From the entries below, write out exactly the lines between the line holding "Новое шёлковое бежевое платье Michael Kors" and the line holding "FANCITY Panjia dishes, creative", inclusive, excluding any pictures.

--- Source information ---
· · · · ·
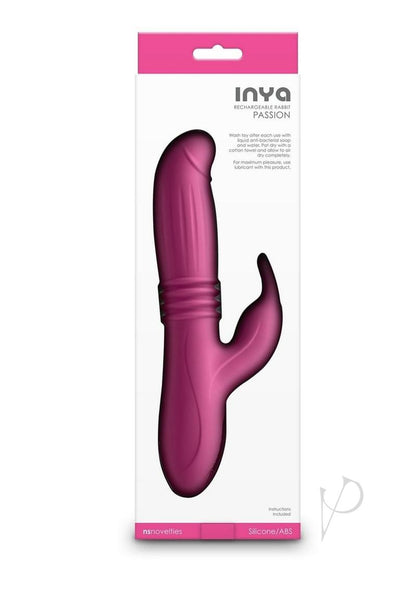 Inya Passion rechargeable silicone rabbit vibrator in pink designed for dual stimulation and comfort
· · · · ·
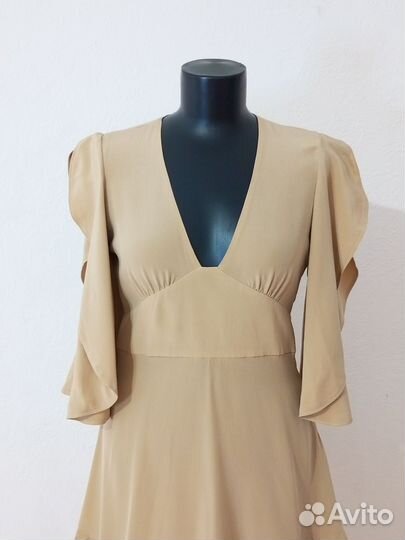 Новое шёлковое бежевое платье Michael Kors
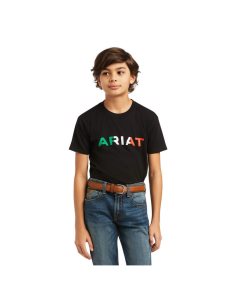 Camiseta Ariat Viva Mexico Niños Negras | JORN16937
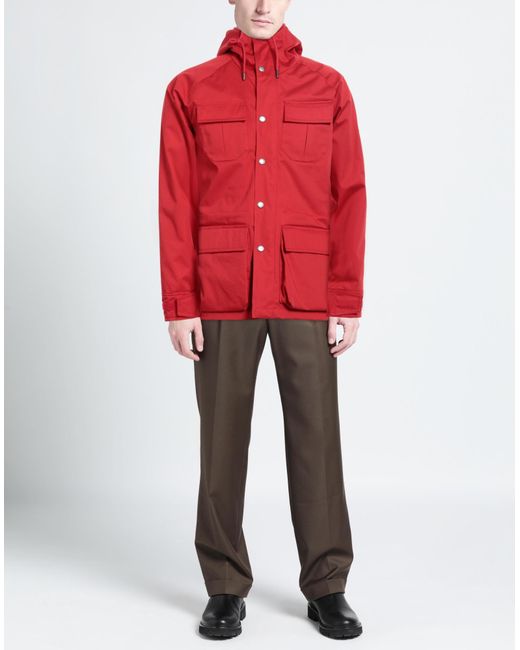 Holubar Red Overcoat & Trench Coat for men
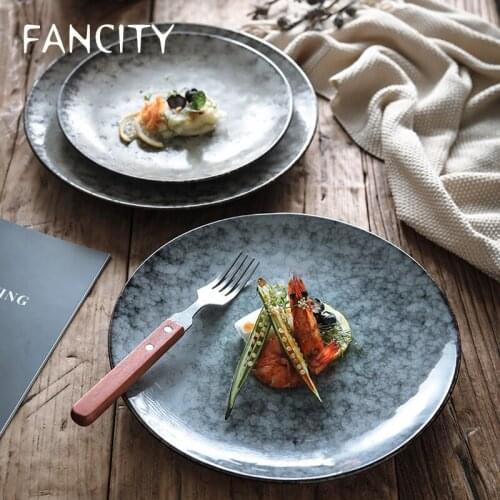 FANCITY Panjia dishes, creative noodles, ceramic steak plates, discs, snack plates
· · · · ·
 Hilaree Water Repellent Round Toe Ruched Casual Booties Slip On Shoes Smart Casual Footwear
· · · · ·
--- Output ---
 Новое шёлковое бежевое платье Michael Kors
 Camiseta Ariat Viva Mexico Niños Negras | JORN16937
 Holubar Red Overcoat & Trench Coat for men
 FANCITY Panjia dishes, creative noodles, ceramic steak plates, discs, snack plates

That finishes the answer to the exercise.